The shipped configurations declare additional document-level keys such as preamble and checks that drive the generator itself. These keys behave identically to any other dotlist override, but most users only need the three parameters described above.

Examples#

Generate a default Lepton environment profile at the repository root and overwrite any existing file at that path.

$ nemotron steps run env/env_toml -c lepton output_path=env.toml force=true

The command writes a single env.toml file at the repository root with every canonical profile the Nemotron training steps expect, including data-prep, SFT, PEFT, RL, pretrain, optimize, evaluate, synthetic data generation, translation, and curation profiles.

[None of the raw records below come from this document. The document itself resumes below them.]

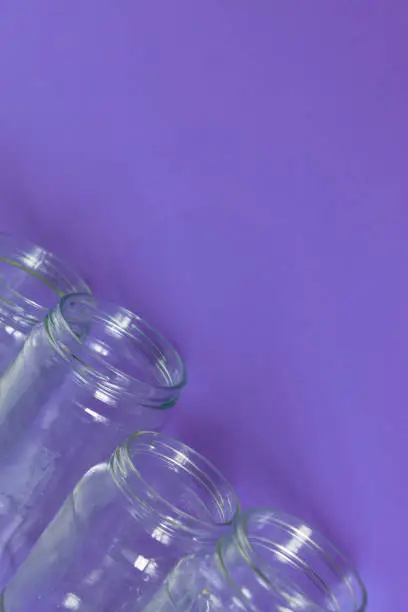 4 several glass jars on an isolated purple background with copyspace or blank empty room space for text or copy. Flat lay concept.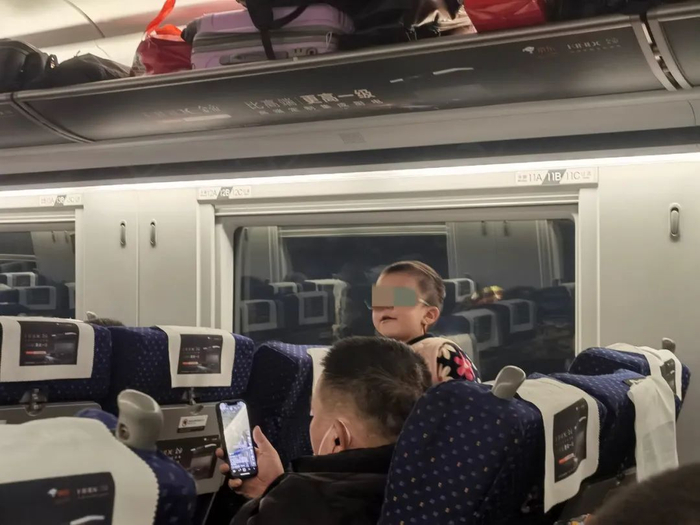 ▲2023年1月10日，上海开往成都的动车上，带孩子的男子正在刷短视频。新京报记者 李照 摄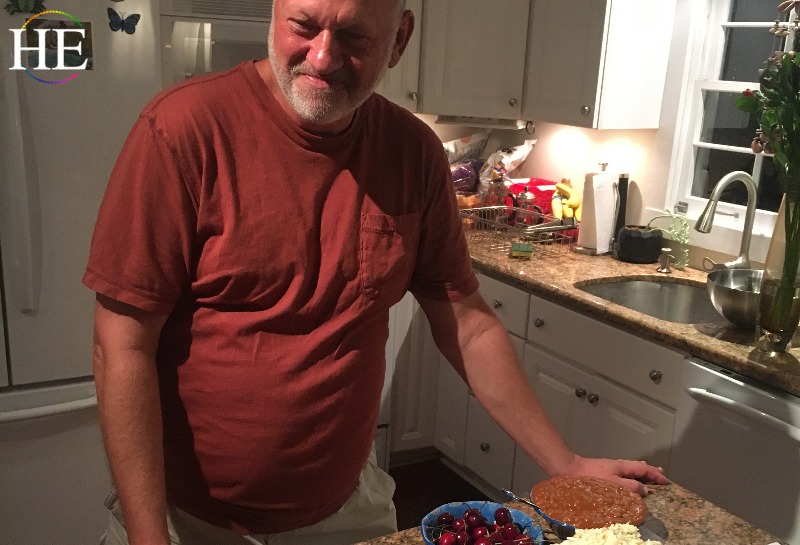 Doug Mayberry standing over a kitchen of ingredients.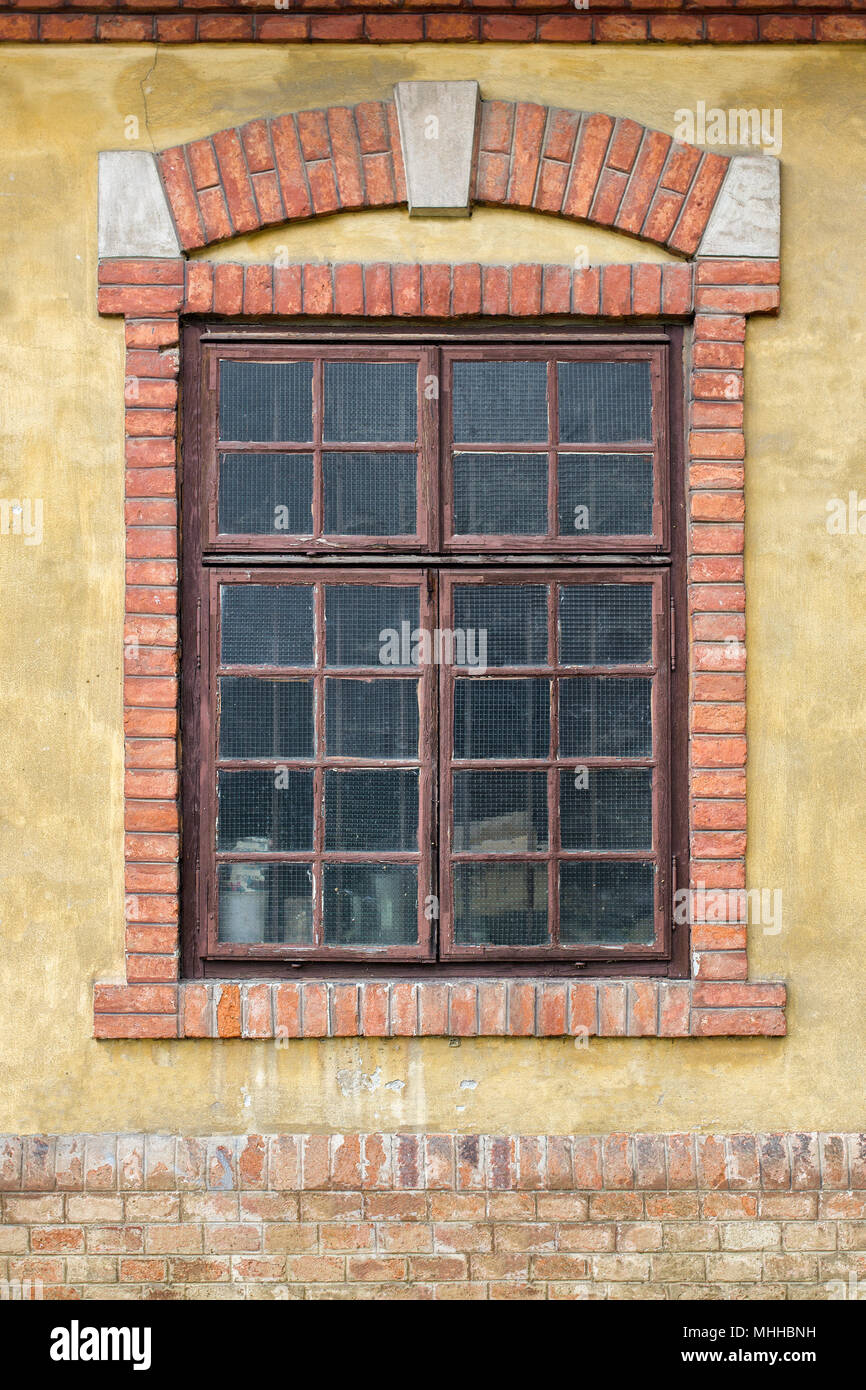 Alte Fenster auf gelben Fassade, mit dekorativen Backstein Rahmen und Arch Stockfoto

Generate a Lepton environment profile with site-specific node-group and Weights and Biases overrides.

$ nemotron steps run env/env_toml -c lepton \
    output_path=env.lepton.toml \
    force=true \
    sections.lepton_base.node_group=<lepton-node-group> \
    sections.lepton_base.env_vars.WANDB_PROJECT=<wandb-project> \
    sections.lepton_base.env_vars.WANDB_ENTITY=<wandb-entity> \
    sections.lepton_base.env_vars.WANDB_NAME=<wandb-run-name>

Each sections.lepton_base.* override replaces the matching key on the [lepton_base] profile in the generated file. Every child profile that extends lepton_base, for example lepton_sft_automodel and lepton_prep_sft_packing, inherits the new value through the profile inheritance chain.

Editing the Generated File#

The generated file is a normal TOML document. You can hand-edit any profile after generation, for example to add a one-off mount path or to change a container image for a single profile. When you need only a small slice of profiles or you want to start from a minimal hand-written file rather than the full set of canonical profiles, follow the manual template walkthrough in the Quickstart.